Stored data:
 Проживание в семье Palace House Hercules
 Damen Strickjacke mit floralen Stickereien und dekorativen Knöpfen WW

==

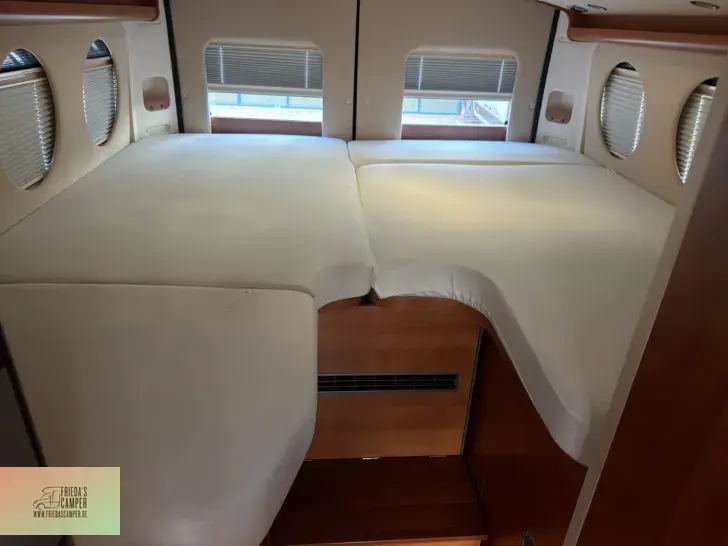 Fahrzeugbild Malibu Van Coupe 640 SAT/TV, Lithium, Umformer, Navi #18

---

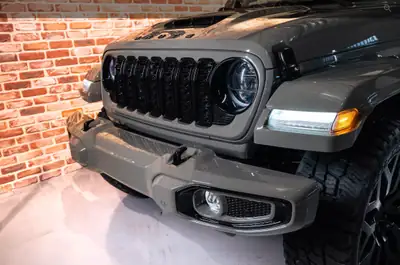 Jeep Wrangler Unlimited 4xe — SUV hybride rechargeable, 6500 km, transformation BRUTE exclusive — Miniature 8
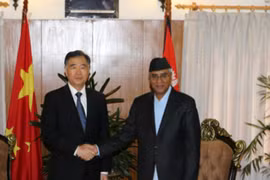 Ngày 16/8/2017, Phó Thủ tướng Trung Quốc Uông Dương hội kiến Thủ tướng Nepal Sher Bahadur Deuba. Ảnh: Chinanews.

What you have to do: Go to the line above that has "Jeep Wrangler Unlimited" and copy exactly from there down to the line that has "Ngày 16/8/2017, Phó", both included. Leave the pictures out.

Solution to this exercise:
 Jeep Wrangler Unlimited 4xe — SUV hybride rechargeable, 6500 km, transformation BRUTE exclusive — Miniature 8
 Ngày 16/8/2017, Phó Thủ tướng Trung Quốc Uông Dương hội kiến Thủ tướng Nepal Sher Bahadur Deuba. Ảnh: Chinanews.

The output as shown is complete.